RECORDS TO USE
━━━━━━━━━━━━━━━━━━━━

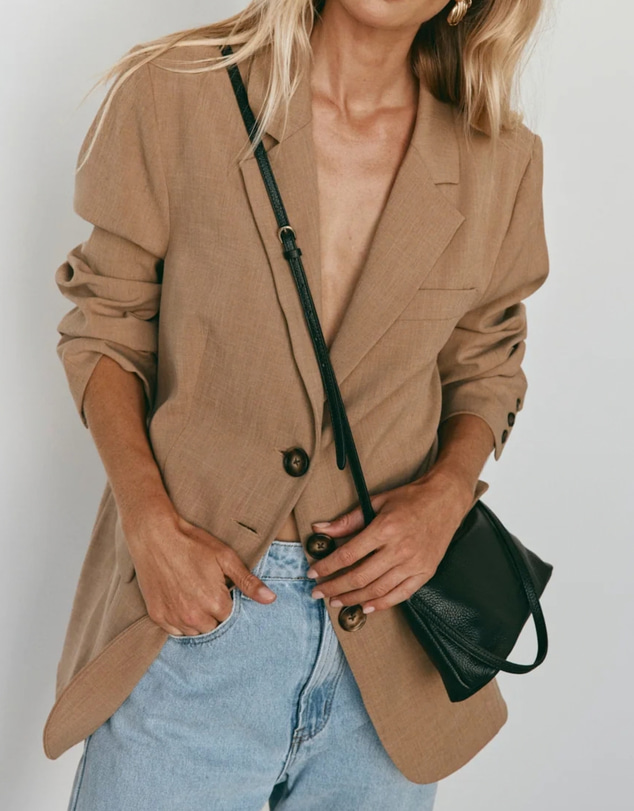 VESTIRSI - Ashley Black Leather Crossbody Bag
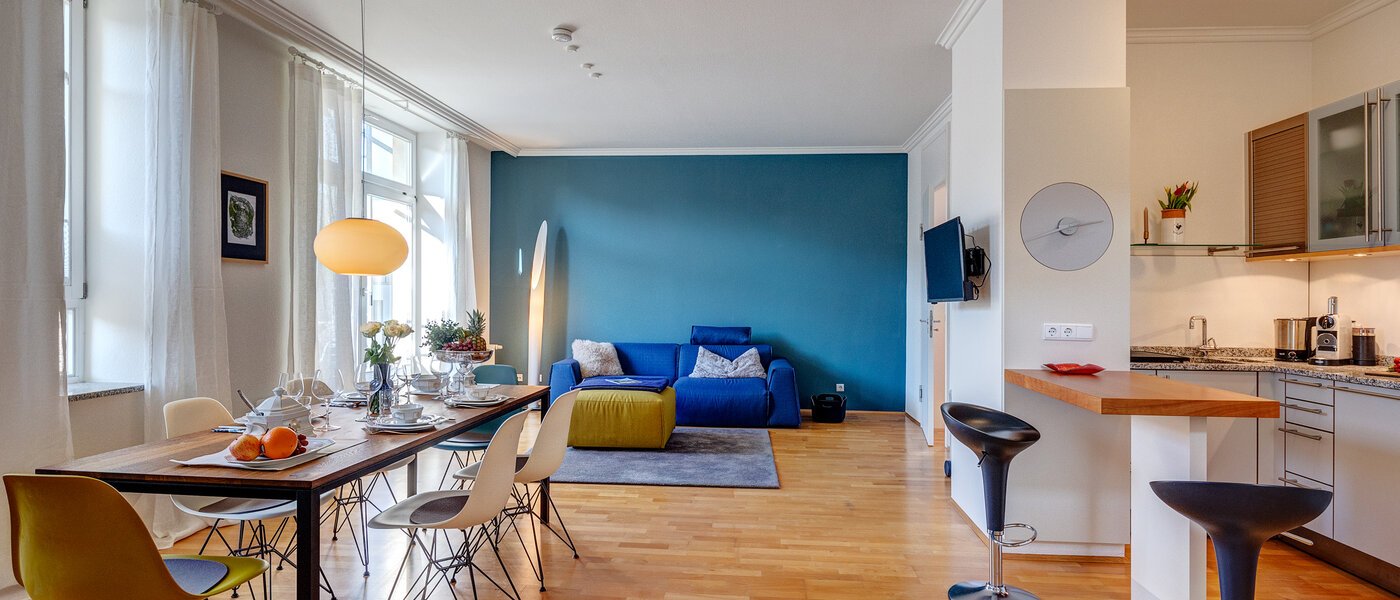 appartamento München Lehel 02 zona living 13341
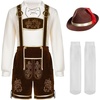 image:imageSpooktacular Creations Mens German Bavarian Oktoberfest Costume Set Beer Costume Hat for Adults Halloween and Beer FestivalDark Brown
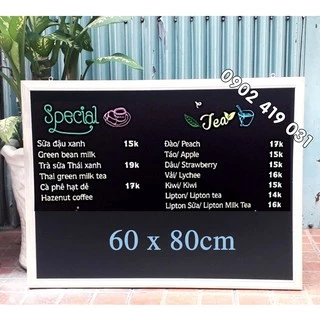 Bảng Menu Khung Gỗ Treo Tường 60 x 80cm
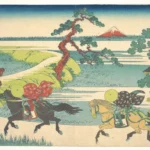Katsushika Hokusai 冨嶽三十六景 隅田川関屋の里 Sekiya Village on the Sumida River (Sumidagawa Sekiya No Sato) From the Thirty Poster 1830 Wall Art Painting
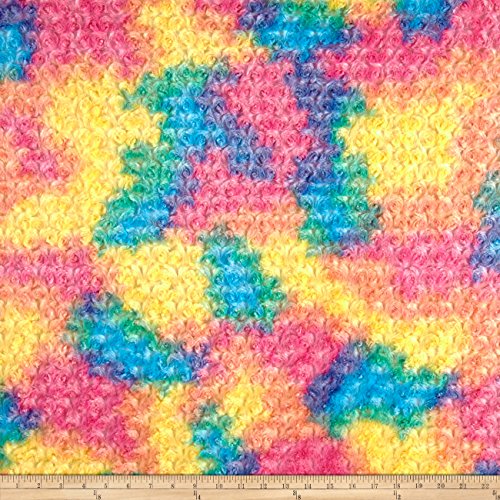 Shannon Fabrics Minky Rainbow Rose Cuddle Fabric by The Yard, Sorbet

━━━━━━━━━━━━━━━━━━━━

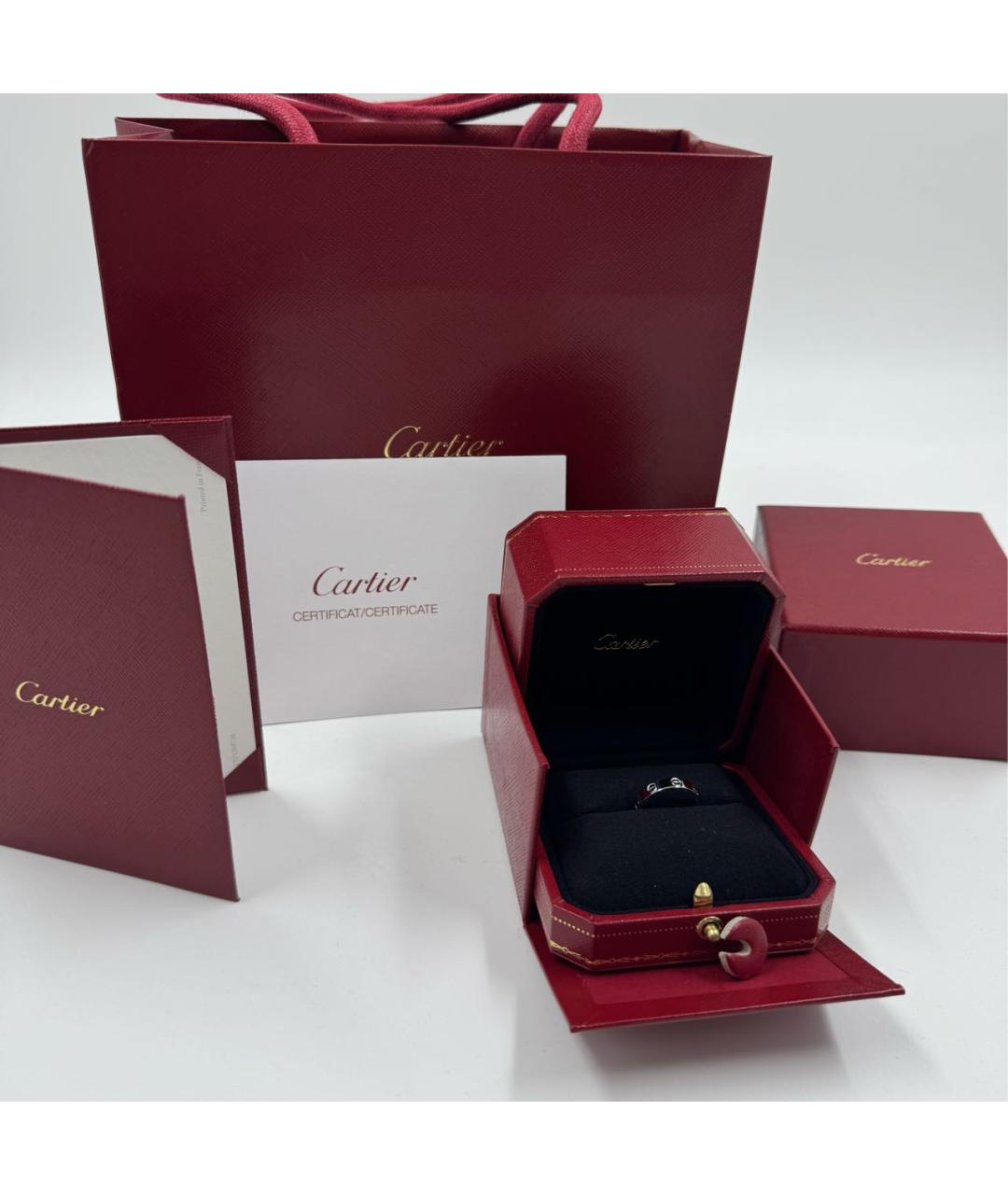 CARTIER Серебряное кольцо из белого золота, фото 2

━━━━━━━━━━━━━━━━━━━━

Print, exactly and with no pictures, the lines of the listing above starting at the one that has "Katsushika Hokusai 冨嶽三十六景" and ending at the one that has "Shannon Fabrics Minky", both included.

TASK OUTPUT
Katsushika Hokusai 冨嶽三十六景 隅田川関屋の里 Sekiya Village on the Sumida River (Sumidagawa Sekiya No Sato) From the Thirty Poster 1830 Wall Art Painting
 Shannon Fabrics Minky Rainbow Rose Cuddle Fabric by The Yard, Sorbet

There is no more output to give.